#### Pictures with short captions:
== Segment start ==

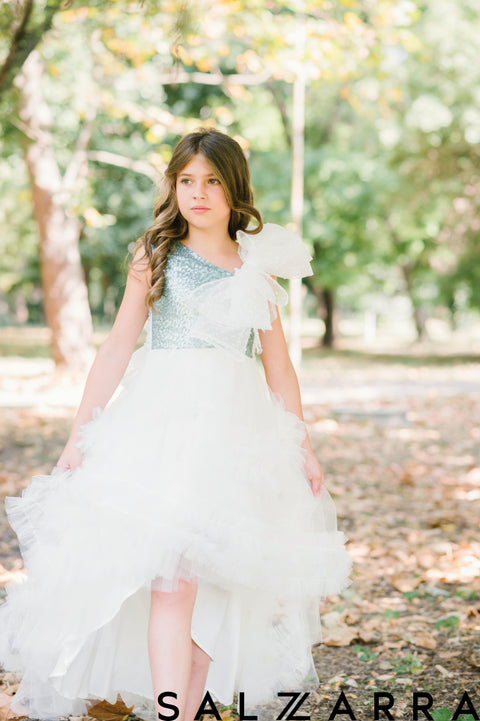 Emeralda Dream Children's luxurious dress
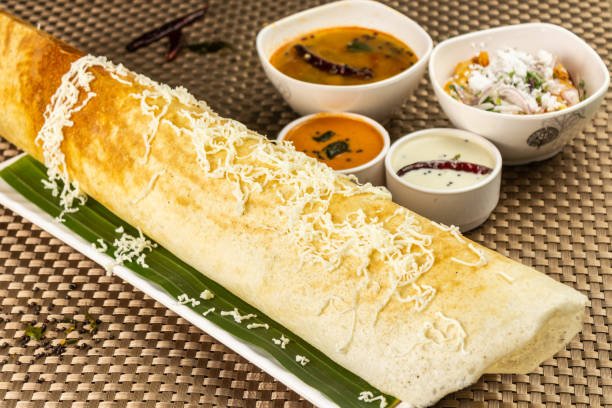 Cheese Plain Dosa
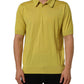 Yellow Cashmere Short Sleeves Polo T-shirt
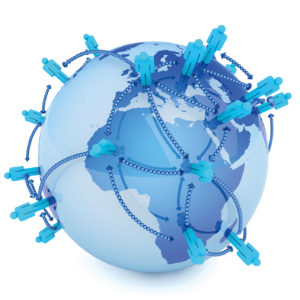 Global social network
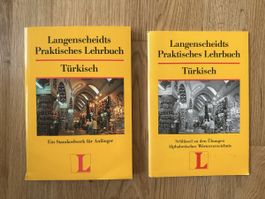 Langenscheidts Praktisches Lehrbuch Türkisch, 2 Bände top!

== Segment end ==

#### WHAT TO WORK ON:
Every entry must be retyped exactly, with the pictures removed.

#### TASK SOLUTION:
 Emeralda Dream Children's luxurious dress
 Cheese Plain Dosa
 Yellow Cashmere Short Sleeves Polo T-shirt
 Global social network
 Langenscheidts Praktisches Lehrbuch Türkisch, 2 Bände top!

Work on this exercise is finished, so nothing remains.